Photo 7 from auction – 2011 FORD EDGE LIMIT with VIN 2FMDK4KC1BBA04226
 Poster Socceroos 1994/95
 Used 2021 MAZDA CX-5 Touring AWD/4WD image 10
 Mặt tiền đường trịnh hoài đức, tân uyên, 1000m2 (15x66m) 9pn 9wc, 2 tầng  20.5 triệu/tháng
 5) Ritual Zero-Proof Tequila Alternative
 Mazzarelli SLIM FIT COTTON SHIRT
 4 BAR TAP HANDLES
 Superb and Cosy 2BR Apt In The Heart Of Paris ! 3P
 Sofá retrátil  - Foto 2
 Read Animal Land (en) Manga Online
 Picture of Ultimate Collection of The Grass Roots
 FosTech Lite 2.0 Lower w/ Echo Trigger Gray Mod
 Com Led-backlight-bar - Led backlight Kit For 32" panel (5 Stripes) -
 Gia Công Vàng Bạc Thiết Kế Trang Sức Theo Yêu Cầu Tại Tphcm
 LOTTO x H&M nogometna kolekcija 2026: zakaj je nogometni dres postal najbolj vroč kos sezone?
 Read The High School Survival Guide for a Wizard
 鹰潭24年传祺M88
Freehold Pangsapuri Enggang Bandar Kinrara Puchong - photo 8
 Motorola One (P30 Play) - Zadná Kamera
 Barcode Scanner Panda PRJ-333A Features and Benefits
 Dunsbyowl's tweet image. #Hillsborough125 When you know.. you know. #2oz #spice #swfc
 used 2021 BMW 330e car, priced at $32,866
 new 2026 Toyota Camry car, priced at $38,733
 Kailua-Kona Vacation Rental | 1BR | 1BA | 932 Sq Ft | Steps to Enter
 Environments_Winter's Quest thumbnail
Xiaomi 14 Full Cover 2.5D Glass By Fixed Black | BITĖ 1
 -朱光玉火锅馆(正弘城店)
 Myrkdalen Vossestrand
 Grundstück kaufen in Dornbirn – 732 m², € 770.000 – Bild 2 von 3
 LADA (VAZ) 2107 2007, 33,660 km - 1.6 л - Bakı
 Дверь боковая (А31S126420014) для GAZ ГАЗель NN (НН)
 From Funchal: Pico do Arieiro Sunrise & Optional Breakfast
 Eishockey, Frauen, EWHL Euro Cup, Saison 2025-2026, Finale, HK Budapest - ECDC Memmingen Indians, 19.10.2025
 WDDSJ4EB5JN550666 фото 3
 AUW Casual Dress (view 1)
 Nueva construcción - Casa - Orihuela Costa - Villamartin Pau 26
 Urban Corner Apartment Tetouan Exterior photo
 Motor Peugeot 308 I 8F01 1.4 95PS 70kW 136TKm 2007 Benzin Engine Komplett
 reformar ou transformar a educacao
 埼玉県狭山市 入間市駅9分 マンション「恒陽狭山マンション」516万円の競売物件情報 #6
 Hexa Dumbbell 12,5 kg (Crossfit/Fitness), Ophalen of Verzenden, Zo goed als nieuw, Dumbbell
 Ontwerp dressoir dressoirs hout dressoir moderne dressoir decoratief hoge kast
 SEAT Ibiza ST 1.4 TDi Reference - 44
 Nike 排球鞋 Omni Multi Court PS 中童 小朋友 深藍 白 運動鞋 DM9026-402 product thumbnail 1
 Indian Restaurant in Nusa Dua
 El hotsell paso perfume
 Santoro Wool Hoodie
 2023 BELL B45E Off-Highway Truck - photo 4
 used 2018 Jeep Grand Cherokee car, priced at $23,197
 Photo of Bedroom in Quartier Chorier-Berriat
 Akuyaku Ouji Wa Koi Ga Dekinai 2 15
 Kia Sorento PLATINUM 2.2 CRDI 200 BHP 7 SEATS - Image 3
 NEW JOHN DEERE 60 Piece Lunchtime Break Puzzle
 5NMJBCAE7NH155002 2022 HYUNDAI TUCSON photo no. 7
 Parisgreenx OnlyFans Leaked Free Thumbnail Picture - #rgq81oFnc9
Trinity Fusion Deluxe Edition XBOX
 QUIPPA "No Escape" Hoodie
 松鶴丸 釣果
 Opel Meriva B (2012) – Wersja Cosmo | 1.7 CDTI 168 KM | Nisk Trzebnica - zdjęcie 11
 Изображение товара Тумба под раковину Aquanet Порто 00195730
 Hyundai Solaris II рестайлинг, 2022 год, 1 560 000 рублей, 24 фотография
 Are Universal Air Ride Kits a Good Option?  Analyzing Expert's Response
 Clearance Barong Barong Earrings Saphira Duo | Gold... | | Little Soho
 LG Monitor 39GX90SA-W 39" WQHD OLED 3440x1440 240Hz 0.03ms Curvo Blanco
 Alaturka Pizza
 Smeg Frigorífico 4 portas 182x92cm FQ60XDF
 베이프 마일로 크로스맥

» **What you have to do**
The response must consist solely of the number of lines in the listing above that contain "Hoodie".

» **Result**
2